As World War II came to an end and America's nuclear bombing of Hiroshima and Nagasaki shocked the world, it became clear that the nascent Cold War would be as different a conflagration from WWII as that war was from WWI. Believing that the UK was extremely vulnerable to nuclear attack, it was quickly determined that only 'the threat of large-scale damage from similar weapons' could prevent a Soviet attack. And, thus, V-Force was born.
Entered into service between 1955 and 1957, the three models of V class bombers that made up Britain's strategic nuclear strike force - the Vickers Valiant, Avro Vulcan and Handley Page Victor - were modern marvels of machinery.

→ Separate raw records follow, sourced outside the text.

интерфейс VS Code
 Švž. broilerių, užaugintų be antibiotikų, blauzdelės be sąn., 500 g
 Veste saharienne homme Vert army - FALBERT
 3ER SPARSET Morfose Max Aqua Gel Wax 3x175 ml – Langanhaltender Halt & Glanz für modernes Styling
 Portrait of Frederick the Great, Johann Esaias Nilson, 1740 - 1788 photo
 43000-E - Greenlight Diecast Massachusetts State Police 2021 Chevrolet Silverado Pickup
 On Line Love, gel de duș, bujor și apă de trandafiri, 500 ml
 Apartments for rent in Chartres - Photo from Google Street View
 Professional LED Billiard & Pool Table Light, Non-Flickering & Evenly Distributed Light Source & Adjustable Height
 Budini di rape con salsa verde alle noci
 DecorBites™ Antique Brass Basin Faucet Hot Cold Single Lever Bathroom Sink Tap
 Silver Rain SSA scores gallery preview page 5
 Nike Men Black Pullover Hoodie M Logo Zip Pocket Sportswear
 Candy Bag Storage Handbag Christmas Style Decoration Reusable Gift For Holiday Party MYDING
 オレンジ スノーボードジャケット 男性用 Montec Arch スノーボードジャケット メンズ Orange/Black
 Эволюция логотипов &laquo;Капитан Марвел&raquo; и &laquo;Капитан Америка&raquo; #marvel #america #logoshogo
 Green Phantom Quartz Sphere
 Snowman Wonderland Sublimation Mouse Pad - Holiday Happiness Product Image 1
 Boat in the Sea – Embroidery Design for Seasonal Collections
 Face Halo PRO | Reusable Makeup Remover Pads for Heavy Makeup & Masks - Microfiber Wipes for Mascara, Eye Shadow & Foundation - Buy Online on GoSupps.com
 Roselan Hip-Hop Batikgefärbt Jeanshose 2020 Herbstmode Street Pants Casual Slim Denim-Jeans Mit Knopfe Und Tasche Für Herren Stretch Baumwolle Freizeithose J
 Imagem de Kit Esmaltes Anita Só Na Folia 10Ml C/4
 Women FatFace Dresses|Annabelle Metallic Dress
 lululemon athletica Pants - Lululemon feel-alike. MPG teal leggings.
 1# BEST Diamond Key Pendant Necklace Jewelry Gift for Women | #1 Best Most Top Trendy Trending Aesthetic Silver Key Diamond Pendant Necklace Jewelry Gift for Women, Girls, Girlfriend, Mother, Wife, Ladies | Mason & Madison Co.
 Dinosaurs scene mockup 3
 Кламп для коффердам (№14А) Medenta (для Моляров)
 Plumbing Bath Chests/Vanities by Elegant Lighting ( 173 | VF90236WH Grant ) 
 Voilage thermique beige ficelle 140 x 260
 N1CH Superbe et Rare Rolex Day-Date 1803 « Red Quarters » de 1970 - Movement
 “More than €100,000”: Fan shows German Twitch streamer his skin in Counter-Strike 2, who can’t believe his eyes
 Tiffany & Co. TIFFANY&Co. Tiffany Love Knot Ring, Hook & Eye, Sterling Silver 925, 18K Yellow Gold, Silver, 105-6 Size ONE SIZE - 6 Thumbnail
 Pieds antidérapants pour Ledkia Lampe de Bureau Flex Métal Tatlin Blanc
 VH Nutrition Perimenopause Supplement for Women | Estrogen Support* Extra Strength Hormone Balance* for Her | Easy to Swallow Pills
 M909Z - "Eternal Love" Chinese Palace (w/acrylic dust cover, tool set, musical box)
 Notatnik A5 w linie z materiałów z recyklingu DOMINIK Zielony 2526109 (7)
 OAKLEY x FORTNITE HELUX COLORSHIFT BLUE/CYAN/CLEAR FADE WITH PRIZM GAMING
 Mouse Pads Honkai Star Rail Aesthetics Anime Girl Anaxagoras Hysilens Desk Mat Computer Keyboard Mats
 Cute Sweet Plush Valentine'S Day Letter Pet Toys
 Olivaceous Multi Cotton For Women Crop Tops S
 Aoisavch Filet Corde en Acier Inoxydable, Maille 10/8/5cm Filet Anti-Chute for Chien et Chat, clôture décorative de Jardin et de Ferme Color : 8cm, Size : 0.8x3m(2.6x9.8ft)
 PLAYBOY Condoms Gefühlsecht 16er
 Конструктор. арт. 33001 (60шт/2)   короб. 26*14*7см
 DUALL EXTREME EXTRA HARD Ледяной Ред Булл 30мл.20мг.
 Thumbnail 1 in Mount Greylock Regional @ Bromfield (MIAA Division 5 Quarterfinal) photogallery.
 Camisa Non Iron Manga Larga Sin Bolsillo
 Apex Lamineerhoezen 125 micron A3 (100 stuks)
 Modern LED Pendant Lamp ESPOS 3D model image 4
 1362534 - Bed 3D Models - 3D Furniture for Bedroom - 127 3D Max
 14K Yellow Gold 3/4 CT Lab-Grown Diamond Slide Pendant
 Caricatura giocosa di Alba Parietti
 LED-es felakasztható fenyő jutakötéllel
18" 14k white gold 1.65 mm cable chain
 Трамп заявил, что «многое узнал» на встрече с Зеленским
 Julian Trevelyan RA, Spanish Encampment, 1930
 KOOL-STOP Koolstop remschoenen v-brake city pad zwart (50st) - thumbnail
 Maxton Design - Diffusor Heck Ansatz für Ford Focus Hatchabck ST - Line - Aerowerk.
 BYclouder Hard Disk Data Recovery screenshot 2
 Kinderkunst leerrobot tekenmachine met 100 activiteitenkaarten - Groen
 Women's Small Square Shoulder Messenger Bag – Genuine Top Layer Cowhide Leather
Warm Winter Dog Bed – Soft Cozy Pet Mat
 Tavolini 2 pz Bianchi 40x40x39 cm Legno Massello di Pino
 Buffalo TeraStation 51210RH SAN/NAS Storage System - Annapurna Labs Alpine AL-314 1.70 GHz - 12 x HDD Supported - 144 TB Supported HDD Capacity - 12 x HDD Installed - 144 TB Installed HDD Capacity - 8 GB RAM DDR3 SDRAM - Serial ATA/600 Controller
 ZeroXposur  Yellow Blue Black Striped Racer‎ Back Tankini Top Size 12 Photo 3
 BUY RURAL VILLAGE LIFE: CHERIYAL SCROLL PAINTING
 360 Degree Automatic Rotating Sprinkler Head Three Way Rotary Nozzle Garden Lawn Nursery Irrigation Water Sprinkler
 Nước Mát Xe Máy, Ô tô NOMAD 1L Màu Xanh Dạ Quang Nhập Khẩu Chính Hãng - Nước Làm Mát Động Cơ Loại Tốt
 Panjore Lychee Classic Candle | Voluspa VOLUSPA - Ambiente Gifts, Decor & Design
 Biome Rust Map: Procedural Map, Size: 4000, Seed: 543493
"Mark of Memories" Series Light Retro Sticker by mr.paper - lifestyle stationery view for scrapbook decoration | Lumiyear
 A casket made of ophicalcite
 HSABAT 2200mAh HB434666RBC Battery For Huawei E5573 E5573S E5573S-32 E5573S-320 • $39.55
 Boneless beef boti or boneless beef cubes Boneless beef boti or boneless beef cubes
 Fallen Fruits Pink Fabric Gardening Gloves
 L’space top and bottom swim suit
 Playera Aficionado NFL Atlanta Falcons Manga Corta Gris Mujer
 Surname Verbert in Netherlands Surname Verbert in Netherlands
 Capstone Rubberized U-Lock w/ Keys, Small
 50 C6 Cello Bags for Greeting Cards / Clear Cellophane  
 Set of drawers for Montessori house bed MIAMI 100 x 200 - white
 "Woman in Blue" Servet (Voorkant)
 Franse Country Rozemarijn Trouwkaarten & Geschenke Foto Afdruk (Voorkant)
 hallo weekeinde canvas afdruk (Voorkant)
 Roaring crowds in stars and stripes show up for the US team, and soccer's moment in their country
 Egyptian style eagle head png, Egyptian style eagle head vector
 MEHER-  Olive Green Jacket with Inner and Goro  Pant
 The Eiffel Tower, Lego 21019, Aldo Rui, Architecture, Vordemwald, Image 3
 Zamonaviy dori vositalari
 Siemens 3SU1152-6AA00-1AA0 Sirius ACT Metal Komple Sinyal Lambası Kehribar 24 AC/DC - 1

Capable of both high- and low-level attack with their slick delta wing designs, and supremely quick despite the massive bomb loads they carried, these aircraft were central tenets of Britain's nuclear weapons development.
Despite a fall as precipitous as their rise when the Royal Navy took over Britain's nuclear deterrent role in 1968, like a phoenix from the ashes, the V bombers enjoyed a second life as conventional bombers: the Valiant gaining fame in the Suez Crisis; the Victors in the Indonesia-Malaysia confrontation, and the Vulcans undertook the longest bombing raid in history for Operation Black Buck in the Falklands Campaign of 1982.
V-Force is both an ode to these most resilient, beautiful and underrated of British aircraft, and a lens through which to view Britain's Cold War experience.